Items from a data source
%%

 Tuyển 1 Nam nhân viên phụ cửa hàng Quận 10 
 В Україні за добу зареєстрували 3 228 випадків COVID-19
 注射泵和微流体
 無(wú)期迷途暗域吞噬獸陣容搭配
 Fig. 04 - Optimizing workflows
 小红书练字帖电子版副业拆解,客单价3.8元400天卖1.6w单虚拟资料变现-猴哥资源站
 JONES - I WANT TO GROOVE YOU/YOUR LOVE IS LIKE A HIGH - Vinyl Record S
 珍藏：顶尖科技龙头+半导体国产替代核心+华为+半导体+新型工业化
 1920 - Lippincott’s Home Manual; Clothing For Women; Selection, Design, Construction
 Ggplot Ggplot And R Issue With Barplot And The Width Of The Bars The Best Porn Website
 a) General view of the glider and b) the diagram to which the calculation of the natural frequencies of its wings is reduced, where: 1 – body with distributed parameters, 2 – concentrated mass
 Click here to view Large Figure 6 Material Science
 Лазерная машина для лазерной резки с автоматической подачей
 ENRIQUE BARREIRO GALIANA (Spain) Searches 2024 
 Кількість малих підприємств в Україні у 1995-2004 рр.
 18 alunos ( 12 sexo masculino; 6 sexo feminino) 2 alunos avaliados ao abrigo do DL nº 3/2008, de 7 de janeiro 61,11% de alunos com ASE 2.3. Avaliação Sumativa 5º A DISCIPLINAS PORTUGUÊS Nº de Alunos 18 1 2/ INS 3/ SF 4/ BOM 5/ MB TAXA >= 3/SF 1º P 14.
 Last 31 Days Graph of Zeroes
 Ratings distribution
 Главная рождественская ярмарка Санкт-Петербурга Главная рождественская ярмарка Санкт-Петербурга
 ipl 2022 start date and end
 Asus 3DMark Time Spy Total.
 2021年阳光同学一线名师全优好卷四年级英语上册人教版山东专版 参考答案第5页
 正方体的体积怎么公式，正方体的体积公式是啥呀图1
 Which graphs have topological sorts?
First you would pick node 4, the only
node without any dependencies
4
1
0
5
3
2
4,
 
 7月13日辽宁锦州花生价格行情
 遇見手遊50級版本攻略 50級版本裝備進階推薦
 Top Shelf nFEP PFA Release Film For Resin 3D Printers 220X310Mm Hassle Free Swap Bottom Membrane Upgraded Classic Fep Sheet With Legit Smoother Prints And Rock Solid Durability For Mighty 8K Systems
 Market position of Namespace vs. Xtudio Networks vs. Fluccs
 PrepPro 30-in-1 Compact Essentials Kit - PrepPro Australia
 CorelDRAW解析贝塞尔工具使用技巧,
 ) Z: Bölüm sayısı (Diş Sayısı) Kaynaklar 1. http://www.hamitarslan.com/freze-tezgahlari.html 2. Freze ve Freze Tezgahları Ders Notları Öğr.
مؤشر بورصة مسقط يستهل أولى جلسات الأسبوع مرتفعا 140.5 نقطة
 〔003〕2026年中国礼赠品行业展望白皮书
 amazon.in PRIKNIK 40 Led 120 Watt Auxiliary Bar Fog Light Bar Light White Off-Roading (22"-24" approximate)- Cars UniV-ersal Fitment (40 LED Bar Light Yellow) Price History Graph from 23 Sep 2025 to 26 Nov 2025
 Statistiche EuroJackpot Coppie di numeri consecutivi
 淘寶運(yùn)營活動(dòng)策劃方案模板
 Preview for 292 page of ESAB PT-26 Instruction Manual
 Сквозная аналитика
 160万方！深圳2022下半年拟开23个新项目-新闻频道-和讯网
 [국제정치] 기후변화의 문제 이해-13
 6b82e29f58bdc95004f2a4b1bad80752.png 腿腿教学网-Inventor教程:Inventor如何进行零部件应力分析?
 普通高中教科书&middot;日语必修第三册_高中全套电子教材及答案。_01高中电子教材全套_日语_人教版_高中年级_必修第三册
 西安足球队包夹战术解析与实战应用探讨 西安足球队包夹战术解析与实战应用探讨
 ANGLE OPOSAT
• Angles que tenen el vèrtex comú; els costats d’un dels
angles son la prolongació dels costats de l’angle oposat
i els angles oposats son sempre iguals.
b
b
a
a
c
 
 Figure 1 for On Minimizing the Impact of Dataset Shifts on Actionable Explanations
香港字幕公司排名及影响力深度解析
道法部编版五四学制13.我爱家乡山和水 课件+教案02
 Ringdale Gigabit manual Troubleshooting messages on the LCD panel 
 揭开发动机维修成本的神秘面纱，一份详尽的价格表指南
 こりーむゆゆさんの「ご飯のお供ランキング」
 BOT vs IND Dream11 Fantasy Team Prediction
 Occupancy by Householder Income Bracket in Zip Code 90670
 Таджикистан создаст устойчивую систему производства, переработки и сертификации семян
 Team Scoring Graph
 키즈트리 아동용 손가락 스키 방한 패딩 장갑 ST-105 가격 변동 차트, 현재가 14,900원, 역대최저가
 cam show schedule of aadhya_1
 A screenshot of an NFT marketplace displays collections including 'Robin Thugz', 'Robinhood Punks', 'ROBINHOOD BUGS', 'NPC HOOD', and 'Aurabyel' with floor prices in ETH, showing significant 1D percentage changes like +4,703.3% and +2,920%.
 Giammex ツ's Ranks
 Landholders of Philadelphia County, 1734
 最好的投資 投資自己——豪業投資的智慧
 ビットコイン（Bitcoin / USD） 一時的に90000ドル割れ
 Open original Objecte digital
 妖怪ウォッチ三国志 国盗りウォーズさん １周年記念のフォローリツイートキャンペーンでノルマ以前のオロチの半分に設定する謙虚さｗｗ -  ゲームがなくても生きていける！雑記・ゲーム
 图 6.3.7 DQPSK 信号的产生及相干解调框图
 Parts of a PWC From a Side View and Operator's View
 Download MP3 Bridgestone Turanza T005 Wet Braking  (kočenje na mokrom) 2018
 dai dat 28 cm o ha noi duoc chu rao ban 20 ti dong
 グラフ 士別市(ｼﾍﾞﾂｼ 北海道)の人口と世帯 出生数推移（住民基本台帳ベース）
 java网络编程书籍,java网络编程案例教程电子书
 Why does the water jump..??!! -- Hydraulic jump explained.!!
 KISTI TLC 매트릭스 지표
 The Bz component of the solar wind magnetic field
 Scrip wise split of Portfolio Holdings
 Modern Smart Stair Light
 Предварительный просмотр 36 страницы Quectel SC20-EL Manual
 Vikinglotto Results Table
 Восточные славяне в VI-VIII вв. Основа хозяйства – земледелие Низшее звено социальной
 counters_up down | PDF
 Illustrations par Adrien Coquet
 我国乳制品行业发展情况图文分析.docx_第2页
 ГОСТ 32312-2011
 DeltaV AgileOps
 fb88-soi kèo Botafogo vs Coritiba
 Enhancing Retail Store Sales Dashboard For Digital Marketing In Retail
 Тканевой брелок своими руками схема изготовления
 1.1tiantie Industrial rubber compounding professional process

%%

• _Your assignment_
Search the entries for the string "costats" and collect each line that has it.

• _Completed exercise_
• Angles que tenen el vèrtex comú; els costats d’un dels
angles son la prolongació dels costats de l’angle oposat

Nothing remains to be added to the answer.